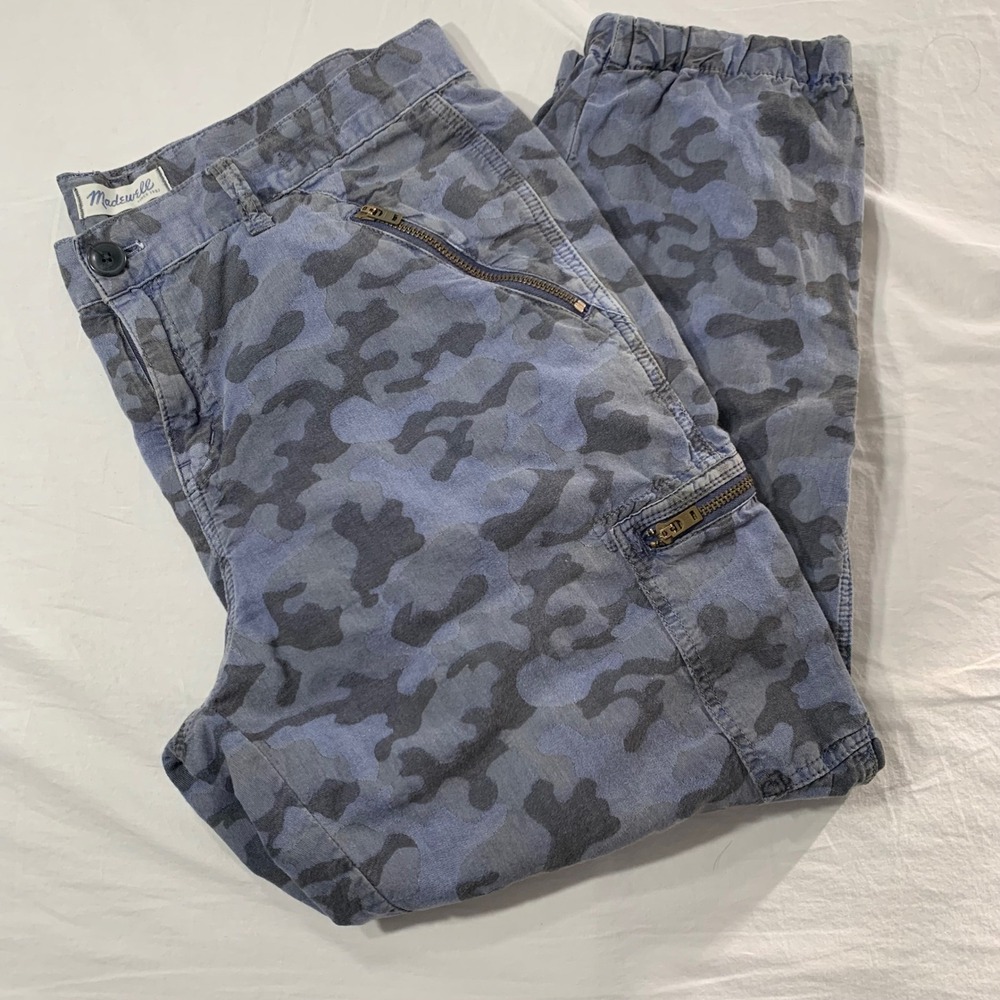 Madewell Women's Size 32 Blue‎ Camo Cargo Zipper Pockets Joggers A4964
_ _ _
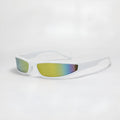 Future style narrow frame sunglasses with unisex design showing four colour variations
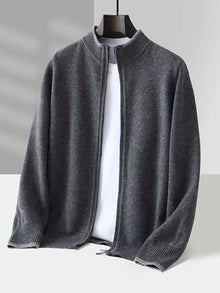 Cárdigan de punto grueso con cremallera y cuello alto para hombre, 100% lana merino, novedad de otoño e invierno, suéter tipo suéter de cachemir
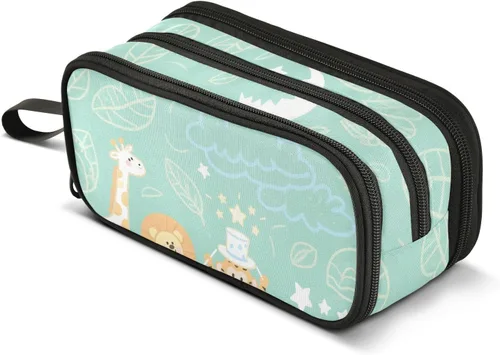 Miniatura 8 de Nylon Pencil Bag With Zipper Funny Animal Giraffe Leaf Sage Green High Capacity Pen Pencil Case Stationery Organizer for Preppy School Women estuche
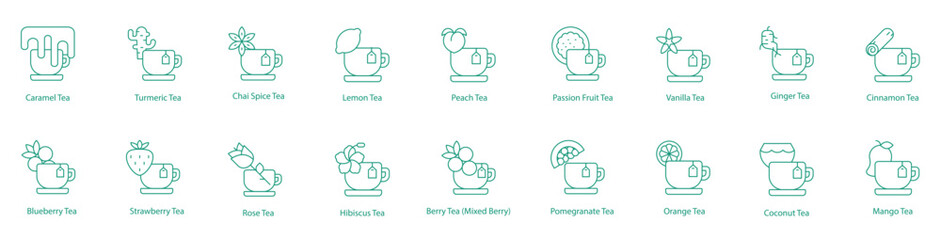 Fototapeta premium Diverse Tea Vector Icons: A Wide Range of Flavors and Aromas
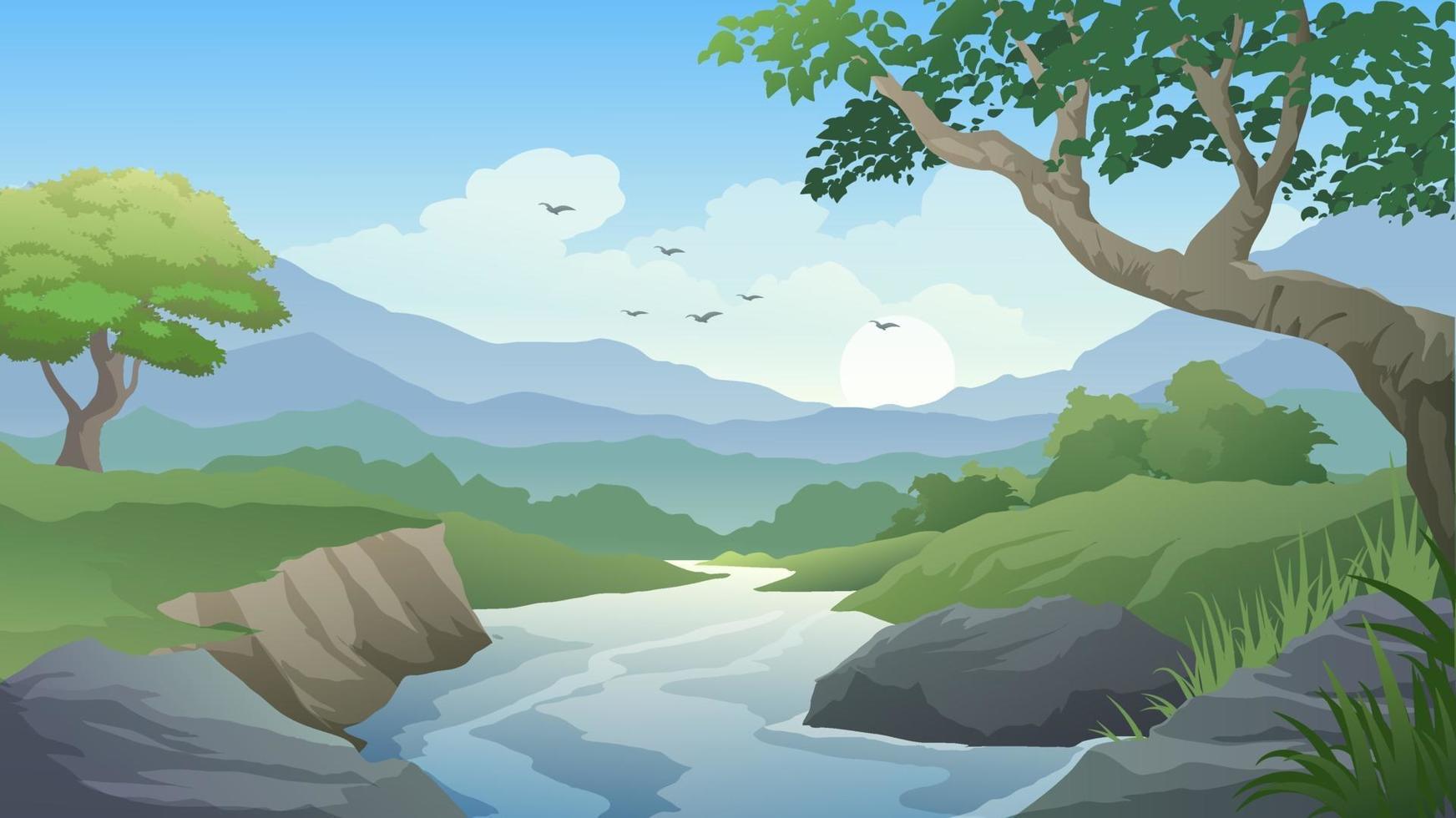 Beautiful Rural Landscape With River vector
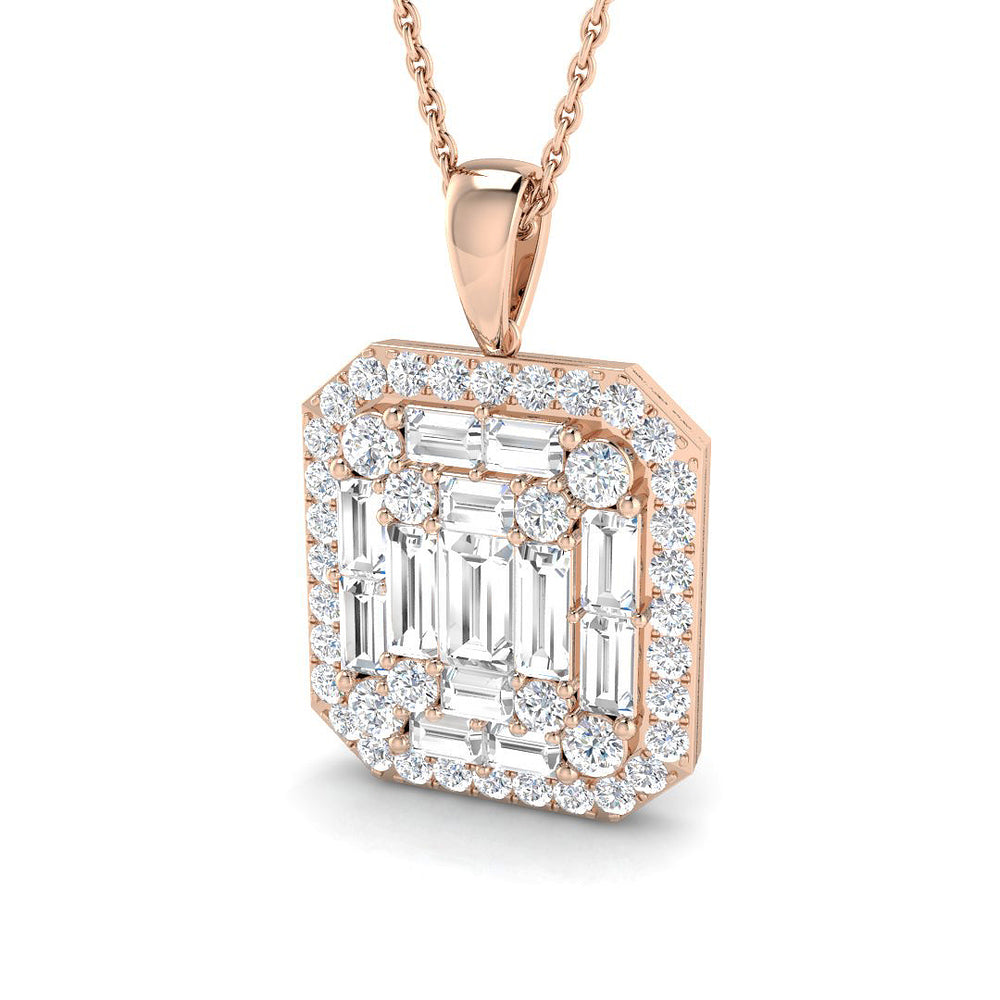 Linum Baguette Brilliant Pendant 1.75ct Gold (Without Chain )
_ _ _
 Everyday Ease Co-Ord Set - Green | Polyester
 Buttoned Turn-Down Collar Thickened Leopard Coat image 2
_ _ _
- Task to carry out
Pictures excluded, give again exactly and only the lines of the material above from the line with "Cárdigan de punto" through the line with "Linum Baguette Brilliant".

- Output below
 Cárdigan de punto grueso con cremallera y cuello alto para hombre, 100% lana merino, novedad de otoño e invierno, suéter tipo suéter de cachemir
 Miniatura 8 de Nylon Pencil Bag With Zipper Funny Animal Giraffe Leaf Sage Green High Capacity Pen Pencil Case Stationery Organizer for Preppy School Women estuche
 Fototapeta premium Diverse Tea Vector Icons: A Wide Range of Flavors and Aromas
 Beautiful Rural Landscape With River vector
 Linum Baguette Brilliant Pendant 1.75ct Gold (Without Chain )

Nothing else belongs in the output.